In recent years, gas supply facilities equipped with a so-called pressure type flow controller to be used for a gas supply facility to a process chamber have been widely used.
An example is illustrated in FIG. 8. It is so constituted that pressure type flow controllers C1, C2 and C3 and fluids switching valves D1, D2 and D3 are provided with a gas supply facility, and switching of fluids supplied to a process chamber E and flow rate adjustments are automatically performed by signals from a controller B (TOKU-KAI-HEI No. 11-212653 and others).
It is so constituted that, with the aforementioned pressure type flow controllers C1, C2 and C3, a flow quantity Qc passing through an orifice is computed with a formula Qc=KP1 by a computation device M by maintaining fluids pass through an orifice Ka under critical conditions (P1/P2 larger than approx. 2) as illustrated in FIG. 9, to open or close a control valve V (to regulate pressure P1 on the upstream side of an orifice) so that the difference Qy with a set flow rate Qs is made to be zero. Here, A/D designates a signal converter, and AP designates an amplifier (TOKU-KAI-HEI No. 8-338564).
As shown in FIG. 10, the internal pressure of the aforementioned process chamber E is maintained at a set value (10−6-102 Torr) by continuously operating vacuum pumps VP1 and VP2 through an evacuation line Ex having a comparatively large bore equipped with an automatic pressure controller APC and a conductance valve CV.

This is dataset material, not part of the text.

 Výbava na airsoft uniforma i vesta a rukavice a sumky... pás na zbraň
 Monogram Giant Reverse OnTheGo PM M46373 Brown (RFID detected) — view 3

A combination of a primary vacuum pump (a high vacuum pump) VP1 such as a turbo molecular pump and the like and a secondly vacuum pump (a low vacuum pump) VP2 such as a scroll pump and the like is widely employed for the aforementioned vacuum pump while an exhaust system for which one pump having a large exhaust volume and a large compression ratio is used has a disadvantage in manufacturing costs and the like, so it is not popular.
A fluids supply facility to a chamber shown in FIG. 8 has characteristics that pressure type flow controllers C1-Cn used for the facility are not influenced by internal pressure changes on the side of the chamber E. Therefore, the facility which allows comparatively stable control on the flow rate of the supply gas achieves an excellent, practical effect even with internal pressure changes of the chamber as long as critical conditions are maintained.
However, there are found various difficulties with this type of fluids supply facilities. Among these difficulties, to improve flow rate control accuracy in a small flow quantity range is the one which is needed to be solved urgently.
For example, on the assumption that flow rate control accuracy of a pressure type flow controller which rated flow rate is 1 SLM (the gas flow rate converted to a standard state) is set at 1% F.S. in a setting of less than 10%, there may be a possibility that an error of a maximum of 1 SCCM with the control flow rate value of a set 1%. Accordingly, when the control flow rate becomes less than 10% of the rated flow rate (for example, less than 10-100 SCCM), influence of the error of the aforementioned 1 SCCM cannot be ignored. As a result, an accurate flow rate control cannot be expected in a small flow quantity range of less than 100 SCCM.
With the process chamber E in the afore-shown FIG. 10, continuous operation of a primary pump VP1 and the like such as a turbo molecular pump and the like having a high compression ratio and a large exhaust volume is needed.
Furthermore, to reduce loads of the primary vacuum pump VP1 and the secondary vacuum pump VP2, it becomes necessary that a diameter of the pipe for an evacuation line Ex needs to be relatively large. In addition, a conductance valve CV, an automatic pressure controller APC and the like are required. Accordingly, equipment costs of a vacuum chamber E go high, and the reduction of the costs becomes difficult to be achieved.
Patent Literature: TOKU-KAI-HEI No. 11-212653
Patent Literature: TOKU-KAI-HEI No. 8-335846